杖に広がる細い血管のような、魔力の通り道を確認しながらの作業。でもこの杖はまるで乾いた大地が雨水を吸収するかのように私の魔力を吸い上げ、全体に浸透させていく。とても魔力との親和性の高い、魔導士にとってはこれ以上ないような杖だ。だからもう……失敗はできない。

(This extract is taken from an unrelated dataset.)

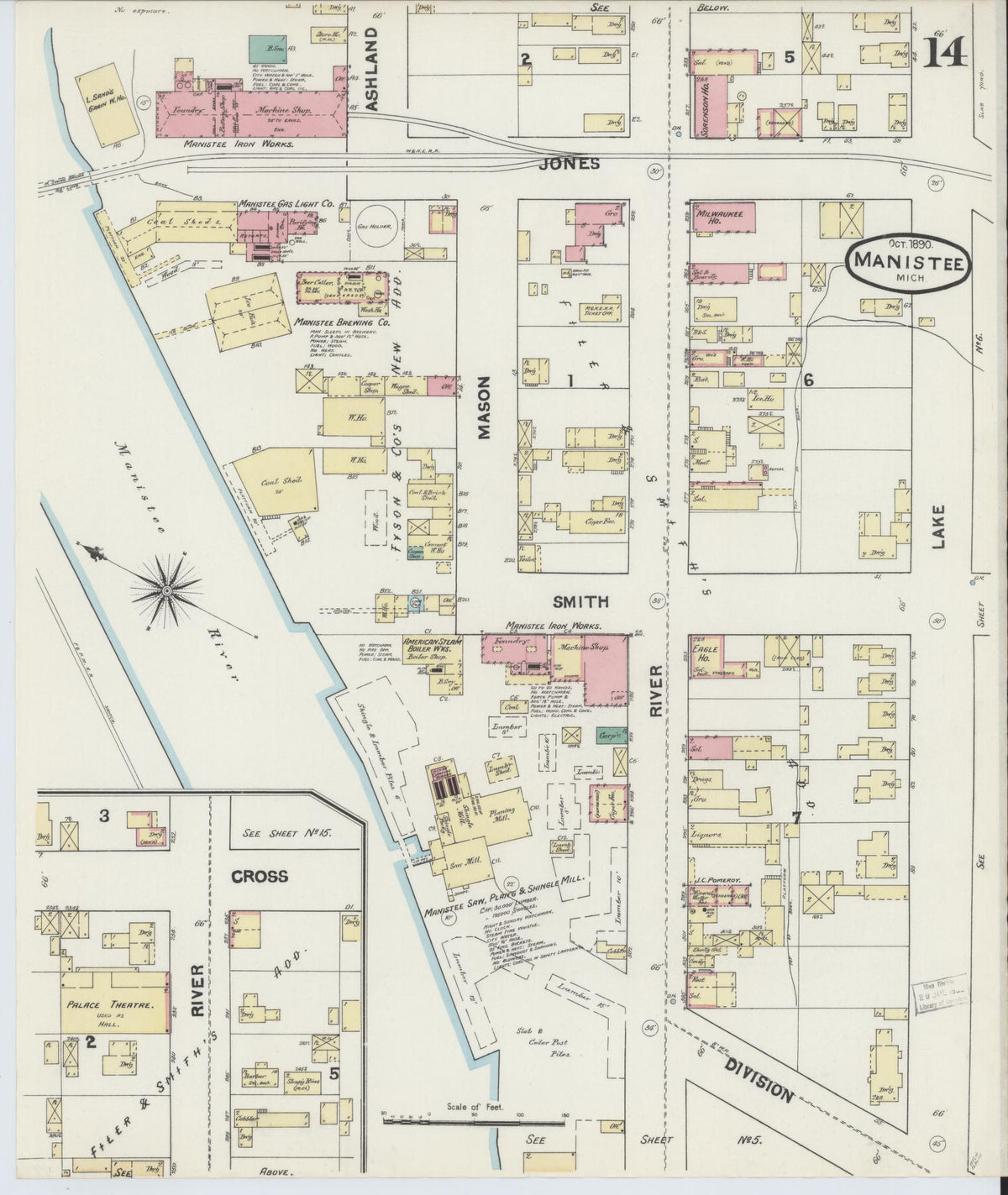Sanborn Fire Insurance Map from Manistee, Manistee County, Michigan (1890), Sheet #0014 - Historic Sanborn Fire Insurance Map Print, vintage old map wall art, antique decor, genealogy gift, Michigan Michigan map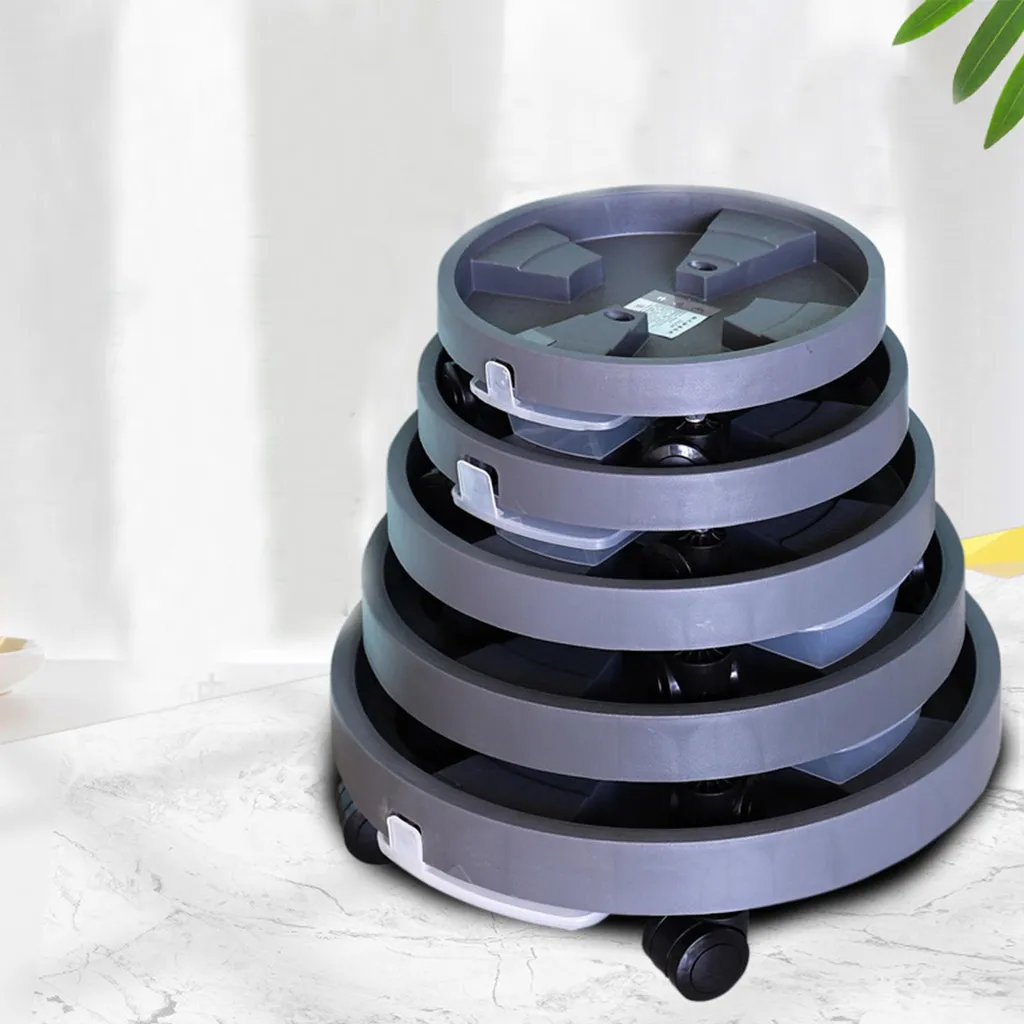 Support de Pot de Fleurs Mobile avec Réservoir d'Eau et Roues 360° - 7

杖全体に広がった魔力経路が馴染んだことを確認するように、さらに魔力を流していく。魔力が杖の中を駆け巡り、取り付けられた宝玉に向かって収束していく。本来ならばこの魔力経路を利用して魔法陣を組み上げていくけれど、今は実験段階だから純粋に高めて凝縮させた魔力だけを流していく。
「お願い……このまま……」
宝玉に向かって大きな魔力が流れていく感触が杖を通して伝わってくる。魔力が流れるにつれて宝玉の紅い輝きがより強くなる。そしてその輝きがより一層強くなった瞬間……
「!」
宝玉全体に小さなヒビが入り、そして粉々に砕け散った。理由はわかってる、これは魔力の高まりに宝玉が耐えられなかったせいだ。
「フラム、大丈夫? ケガは無い?」
「私は大丈夫……でも杖が……」
宝玉が爆ぜた衝撃で、杖も使い物にならなくなった。大事な杖を四本も無駄にしてしまった。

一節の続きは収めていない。